В первую минуту это так оглушило Силина, и зазыванья торговцев показались ему так настойчивы, что он вообразил, что всякий пришедший сюда непременно должен покупать что-нибудь, и приготовился сейчас же послушно сделать это, достав деньги, но Варгин остановил его и ругнул пристававшего к ним продавца, на что тот ничуть не обиделся и с прежней ретивостью стал обращаться к другим.

Силин, уже давно почувствовавший к Варгину симпатию, теперь, после выказанной им смелости с продавцом, проникся особенным к нему уважением и в душе не мог не сознаться, что отец действительно хорошо сделал, настояв, чтобы Варгин шел с ним.

Общие непринужденность и веселье были завлекательны, и часто попадались сцены, которые не всегда можно встретить провинциалу даже в Петербурге.

Особенно показалось Силину смешным и понравилось, как какой-то мальчишка, должно быть, дворовый из балованной челяди богатого барского дома, форейтор или поваренок, отпущенный на балаганы для развлеченья, купил себе мороженого и дул на него, чтобы его согреть, часто перекладывая блюдце из одной озябшей руки в другую. Было довольно холодно. Мальчишка переминался с ноги на ногу, но все-таки ел мороженое, хотя это угощение на улице было вовсе не по сезону.

Варгин с Силиным зашли было в один из балаганов, но остались недовольны.

Возмущался тем, что они видели, главным образом Силин, находя это надувательством публики; Варгин же больше смеялся.

Надпись на огромном полотне у балагана гласила, что здесь знаменитый во всем мире Голиаф-Путифар-Фенимор покажет удивительную свою силу и в заключение съест в присутствии почтеннейшей публики живого человека.

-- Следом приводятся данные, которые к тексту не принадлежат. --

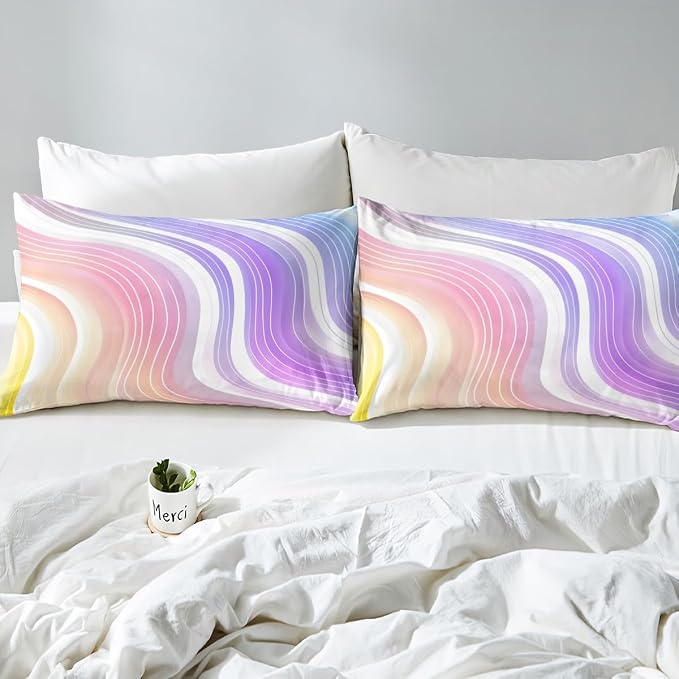 Erosebridal Kids Rainbow Comforter Set Watercolor Fluid Print Duvet Sets Queen Size, Girls Rainbow Stripe Bright Bedding Set Pink Blue Pastel Bedding Comforters 3 Pieces with 2 Pillow Cases - Image 7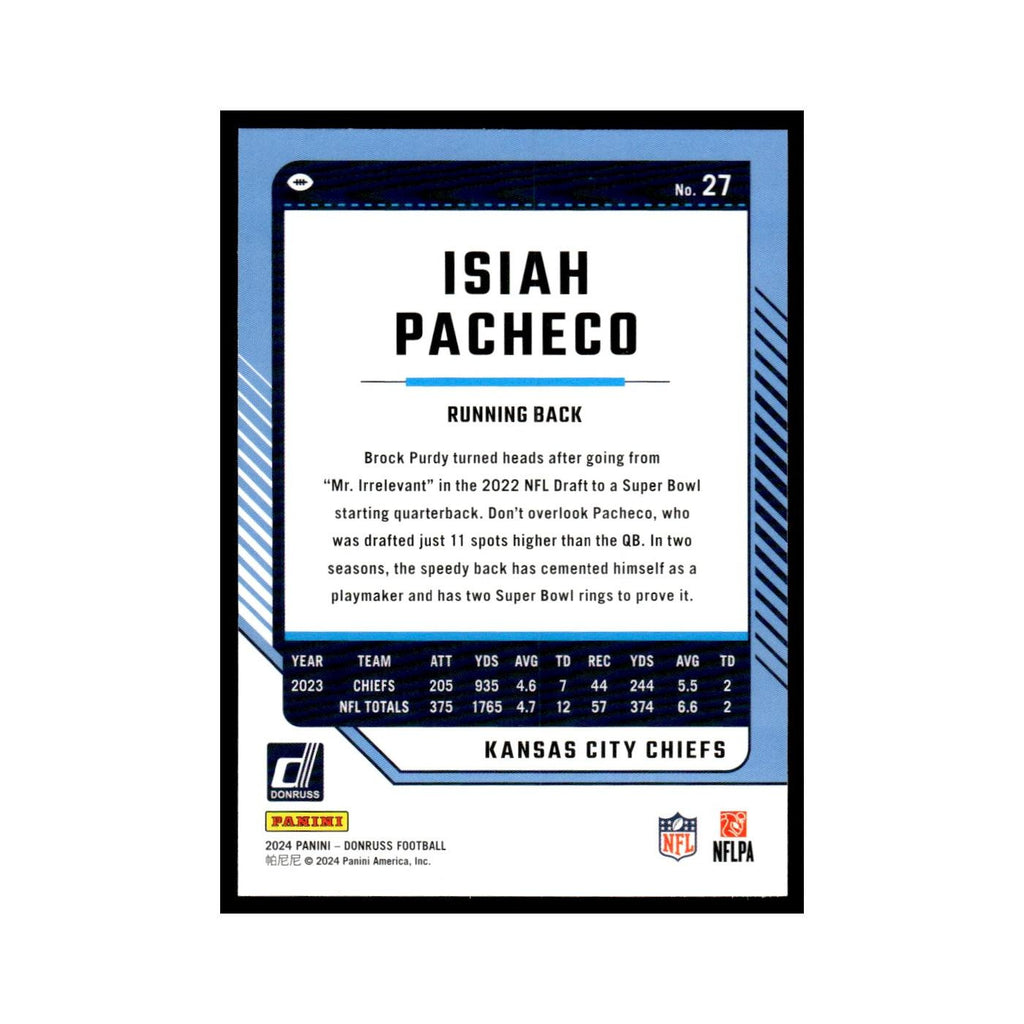 Isiah Pacheco 2024 Donruss #27 Kansas City Chiefs Football Card NM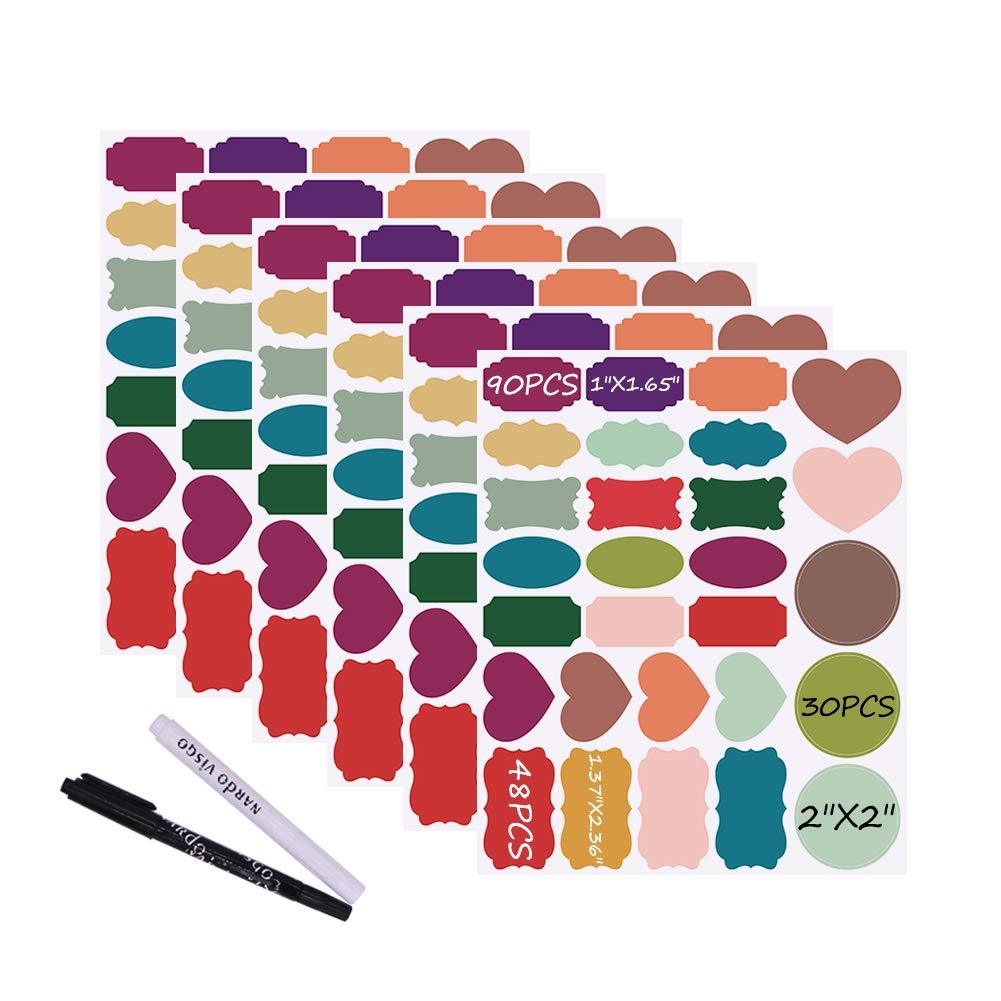 Nardo Visgo Colored Chalkboard Labels: 168 Premium Stickers + 2 Chalk Markers-Waterproof Removable Reusable Chalkboard Stickers,Perfect for Decorating Your Mason Jars Pantries Crafts and Offices 168pcs - LeoForward Australia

Такая заманчивая надпись очень заинтересовала Силина, и он просил Варгина войти с ним.

Голиаф-Путифар-Фенимор оказался, действительно, ражим мужчиной, в красной рубахе, плисовых шароварах и наборных сапогах.

В доказательство своей силы он то одной, то двумя руками подымал довольно объемистые мешки, хотя неизвестно было, чем эти мешки были наполнены.

Потом на подмостки, где упражнялся Голиаф, вышел какой-то человек в шерстяном трико и стал биться с силачом на кулачки.

Публика, сейчас же окрестившая человека в трико «немцем», приняла сторону Голиафа в красной рубашке и, когда тот остался — довольно, впрочем, быстро — победителем, в полном удовольствии загоготала и захлопала в ладоши.

Наступил момент самого интересного, то есть того, как при публике Голиаф съест живого человека.

Дело оказалось довольно просто. Ражий детина обратился к публике и спросил, кто хочет быть съеденным, пусть выходит.

Очевидно, расчет был на то, что никто не рискнет на такой эксперимент.

Публика, действительно, сразу ошалела и притихла; потом кто-то фыркнул и раздались смешки.

— А ведь ловко, ребята! — послышалось сзади. — Ну-ка, выходи, кому жизнь надоела!

Но никто не двигался.

И вдруг из толпы раздался чей-то пискливый, охрипший голос:

— Я пойду!

И вперед протискался маленький, тщедушный человечек, с чисто русским курносым лицом, но в немецком обтрепанном платье мастерового.